Assignment> Every line below from the one with "BMW 3-Serie Touring" through the one with "Casa Michelangelo - - 6" is to be repeated exactly, with no picture among them.

Record extracts>
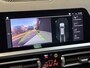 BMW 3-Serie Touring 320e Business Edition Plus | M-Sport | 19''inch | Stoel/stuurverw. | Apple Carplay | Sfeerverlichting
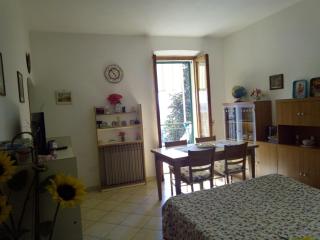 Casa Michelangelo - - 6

* * *

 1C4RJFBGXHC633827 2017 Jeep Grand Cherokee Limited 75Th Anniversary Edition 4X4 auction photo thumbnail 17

Answer box>
 BMW 3-Serie Touring 320e Business Edition Plus | M-Sport | 19''inch | Stoel/stuurverw. | Apple Carplay | Sfeerverlichting
 Casa Michelangelo - - 6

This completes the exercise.